JOSH WOLFE: I think you've skewed the probabilities lower. Just by definition, the more people that are chasing things, the greater the competition. Now, if you have these layers in the public markets where there were pools of capital that were voracious to be buyers of IPOs, then you would see this flood of IPOs, like we saw in the late '90s and early 2000. You don't see that today. Now for a variety of reasons, the narrative is to stay private for longer, control.
But I think you're absolutely right that by making the observation that there's a handful of companies that mattered and the price that you paid didn't, it attracted a flood of capital. But that flood of capital, I believe is going to end up with a lot of donuts.
MICHAEL GREEN: I think that's correct. And I think the challenge is that there is a feedback loop as you go through that process. So exactly as you highlight with SoftBank, where they're able to write up their investments and show profits, that in turn is then it would be presented to investors and say, hey, look how stable this process is or how profitable it is.
JOSH WOLFE: Which induces more capital.
MICHAEL GREEN: Which induces more capital to come in.
JOSH WOLFE: It's very dangerous.

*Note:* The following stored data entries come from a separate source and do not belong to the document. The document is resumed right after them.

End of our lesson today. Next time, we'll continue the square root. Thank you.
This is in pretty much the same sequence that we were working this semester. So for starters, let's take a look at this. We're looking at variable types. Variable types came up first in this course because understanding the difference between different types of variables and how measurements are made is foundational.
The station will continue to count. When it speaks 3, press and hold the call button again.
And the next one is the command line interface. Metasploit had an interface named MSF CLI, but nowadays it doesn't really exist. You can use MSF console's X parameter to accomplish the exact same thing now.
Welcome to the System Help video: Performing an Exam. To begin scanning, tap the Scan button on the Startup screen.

It is, in a sense, like a Minsky cycle.
MICHAEL GREEN: It's absolutely a Minsky cycle. The challenge on all of this though is that in a world that is dominated by empirical finance, which is the historical returns are the only fact pattern, the future returns are your opinion and my opinion. Particularly in that process of migration where more pools of capital are coming in, raising the valuations, improving the returns, you can look like a fool- a complete Cassandra- arguing that this is bad in the future because the immediate history is going to tell you the exact opposite.
JOSH WOLFE: And the analogies between the history in public markets, which I try to study a lot- not anywhere near as well as you. I learn way more from you than I do from any of my venture brethren when it comes to capital markets. And you compare that to the venture world. There are really ends of ones in venture. Like looking at comparables, in 1997, you would have been an idiot- or '98- you would have been an idiot for saying, who the hell needs another search engine, only to miss Google. But then once you see the presence of Google, you would've been an idiot to try to fund the next 10 Lycoses or whatever it was.

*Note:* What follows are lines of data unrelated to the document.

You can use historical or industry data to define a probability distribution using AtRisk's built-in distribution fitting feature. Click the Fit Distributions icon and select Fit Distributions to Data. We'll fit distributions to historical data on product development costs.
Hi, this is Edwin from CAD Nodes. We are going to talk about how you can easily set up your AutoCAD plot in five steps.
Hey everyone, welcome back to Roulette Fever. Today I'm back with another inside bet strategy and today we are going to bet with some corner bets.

And so it's very hard because you have these aberrant outcomes. They are total anomalies, and then people try to learn from these things. And it's just it's way different. And I would actually argue that the reason it's different is because you do not have the kind of information that is conveyed through price discovery in traditional markets. You do not have the number of really smart people that are looking at a security, analyzing its history, looking at the fundamentals, debating it, being long it, being short it. The absence of that kind of relative efficiency is totally missing in venture.
And so you also get, which you don't typically get in the public markets as much, massive dislocations between bids and ask in pricing events. So the step-ups that we see in seed stage round can be 10X into a Series A. Now, the scale of what you're talking, you might be putting a few $100,000, or a few million dollars in it, a few million dollar valuation, and then you might be raising $20 or $30 million at a $50 million valuation, then $100 million at $1 billion. The gaps- the discontinuities between those is huge.
Now, liquidity is one form of that- this sort of asymmetry of information, but it starts before conception or inception of a company. And there's information asymmetries all the way. And you could argue that they get reduced over time. But the first information asymmetry, like the maximum information asymmetry, is with the invention that a scientist has. And there's this quote from Linus Pauling, a Nobel Laureate, who said, I know something that nobody else in the world knows. And they won't know it until I tell them. That is the ultimate power in the world- to know a secret that soon, the rest of the world will know, but you're the only one that knows it. So that's maximum information asymmetry.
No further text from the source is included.